L'Autorité palestinienne est confrontée à une crise budgétaire, proclame-t-elle. Elle a atteint sa limite d'emprunt et a un déficit de 585 millions de dollars. Naturellement ses dirigeants font appel à l'Occident lui demandant d’ouvrir ses bourses d’aumône.

En 2007, 7.4 milliards de dollars avaient été étaient réservés à la subvention du fonctionnement de l'infrastructure terroriste de l’Autorité Palestinienne. L'AP signalait alors qu’elle nécessitait 3.9 milliards pour couvrir seulement ses déficits budgétaires. Cette audacieuse requête étant remplie, les chefs des kamikazes remettent le couvert à nouveau.

 

En admettant que l'Autorité palestinienne progresse dans son objectif d’une reconnaissance de son état par l’ONU, un fait demeure inchangé : elle est incapable de payer ses propres dettes, et ses revenus principaux et réels ne proviennent que de l’aide internationale. Peu d'États admettront avoir échoué bien avant leur reconnaissance par l’ONU, or l’Autorité Palestinienne est en voie de l’être.

 

Mais est-ce que le "peuple palestinien" a vraiment besoin d’une aide supplémentaire en milliards?
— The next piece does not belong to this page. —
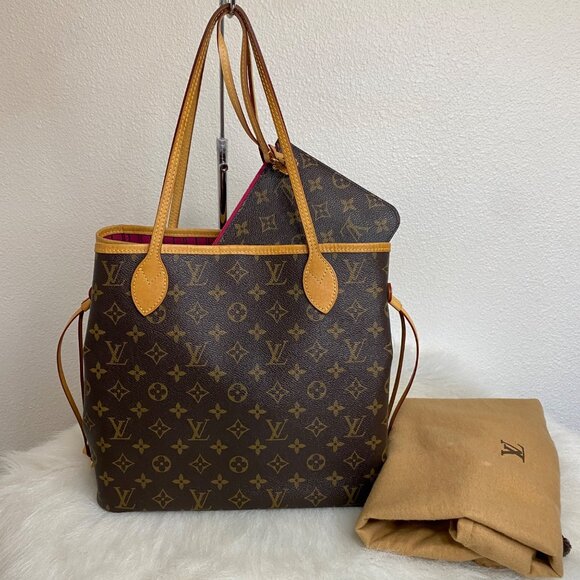 Auth Louis Vuitton Neverfull MM NM Monogram Pivoine & Pouch Good Condition - Picture 1 of 16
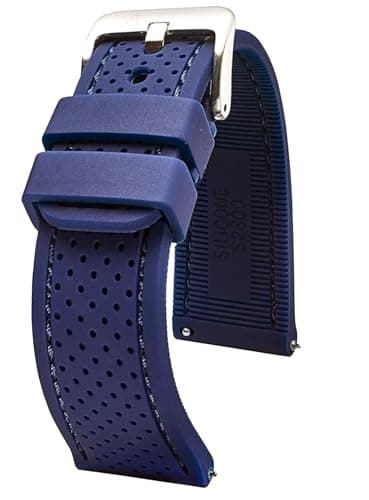 Image of STUNNING SELECTION ALPINE Premium Quality Sporty Silicone Waterproof Watch Band with quick release - Soft Rubber Watch Strap - Assroted Colors - 20 mm, 22 mm and 24 mm (20MM, DARK BLUE)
Le rapport de la Banque mondiale de 2011 révèle qu’il n’existe en Cisjordanie sous contrôle de l’AP, qu’une moyenne de 16% vivant dans la pauvreté. Qu’est-ce exactement un taux de pauvreté de 16%? C'est nettement meilleur que celui de Washington DC qui touche les 18,9%. Apparemment, les politiciens de Washington DC détournent des fonds qui auraient pu servir pour aider les Américains dans le besoin, plutôt que d’élargir les panses des populations terroristes en Cisjordanie. Contrairement au déluge de mensonges émis sur la souffrance des Palestiniens, il n’existe pas d’écart concret entre le taux de pauvreté des USA et celui de la Cisjordanie. Celui de la Californie remonte à 15%... et la moyenne nationale atteint 14.3%.

Si un taux de pauvreté de 16% nécessite des milliards de dollars en aide internationale, alors pourquoi Washington DC n’en reçoit pas ? Pourquoi n’existe-t-il pas un centre d'aide de l'ONU pour distribuer de la nourriture à Foggy Bottom? Et si être un État déficient, sans discipline budgétaire requiert l'aide internationale, où sont donc les garanties d'aide de la Californie?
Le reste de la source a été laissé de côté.